== Records for processing ==

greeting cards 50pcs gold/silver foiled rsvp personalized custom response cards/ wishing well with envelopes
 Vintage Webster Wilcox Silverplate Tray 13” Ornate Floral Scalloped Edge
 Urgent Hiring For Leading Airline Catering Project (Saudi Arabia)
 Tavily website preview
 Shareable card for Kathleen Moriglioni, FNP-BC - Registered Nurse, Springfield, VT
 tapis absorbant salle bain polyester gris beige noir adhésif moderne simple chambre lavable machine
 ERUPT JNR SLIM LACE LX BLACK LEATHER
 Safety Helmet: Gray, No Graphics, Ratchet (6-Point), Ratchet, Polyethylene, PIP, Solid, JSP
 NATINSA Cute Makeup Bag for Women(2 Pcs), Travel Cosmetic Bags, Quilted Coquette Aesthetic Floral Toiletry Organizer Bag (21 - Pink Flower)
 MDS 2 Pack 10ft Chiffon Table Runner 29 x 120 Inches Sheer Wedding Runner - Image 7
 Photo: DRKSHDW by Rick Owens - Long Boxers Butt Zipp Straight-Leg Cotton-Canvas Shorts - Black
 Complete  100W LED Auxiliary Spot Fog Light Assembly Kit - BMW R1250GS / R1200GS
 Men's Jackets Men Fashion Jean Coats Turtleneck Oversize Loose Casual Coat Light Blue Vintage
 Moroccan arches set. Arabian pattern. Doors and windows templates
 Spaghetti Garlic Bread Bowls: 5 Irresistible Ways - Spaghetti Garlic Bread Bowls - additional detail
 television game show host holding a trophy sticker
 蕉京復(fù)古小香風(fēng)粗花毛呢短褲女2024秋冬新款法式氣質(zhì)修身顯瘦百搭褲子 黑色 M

== Aim of the exercise ==
Output each line of the records above exactly.

== Answer section ==
greeting cards 50pcs gold/silver foiled rsvp personalized custom response cards/ wishing well with envelopes
 Vintage Webster Wilcox Silverplate Tray 13” Ornate Floral Scalloped Edge
 Urgent Hiring For Leading Airline Catering Project (Saudi Arabia)
 Tavily website preview
 Shareable card for Kathleen Moriglioni, FNP-BC - Registered Nurse, Springfield, VT
 tapis absorbant salle bain polyester gris beige noir adhésif moderne simple chambre lavable machine
 ERUPT JNR SLIM LACE LX BLACK LEATHER
 Safety Helmet: Gray, No Graphics, Ratchet (6-Point), Ratchet, Polyethylene, PIP, Solid, JSP
 NATINSA Cute Makeup Bag for Women(2 Pcs), Travel Cosmetic Bags, Quilted Coquette Aesthetic Floral Toiletry Organizer Bag (21 - Pink Flower)
 MDS 2 Pack 10ft Chiffon Table Runner 29 x 120 Inches Sheer Wedding Runner - Image 7
 Photo: DRKSHDW by Rick Owens - Long Boxers Butt Zipp Straight-Leg Cotton-Canvas Shorts - Black
 Complete  100W LED Auxiliary Spot Fog Light Assembly Kit - BMW R1250GS / R1200GS
 Men's Jackets Men Fashion Jean Coats Turtleneck Oversize Loose Casual Coat Light Blue Vintage
 Moroccan arches set. Arabian pattern. Doors and windows templates
 Spaghetti Garlic Bread Bowls: 5 Irresistible Ways - Spaghetti Garlic Bread Bowls - additional detail
 television game show host holding a trophy sticker
 蕉京復(fù)古小香風(fēng)粗花毛呢短褲女2024秋冬新款法式氣質(zhì)修身顯瘦百搭褲子 黑色 M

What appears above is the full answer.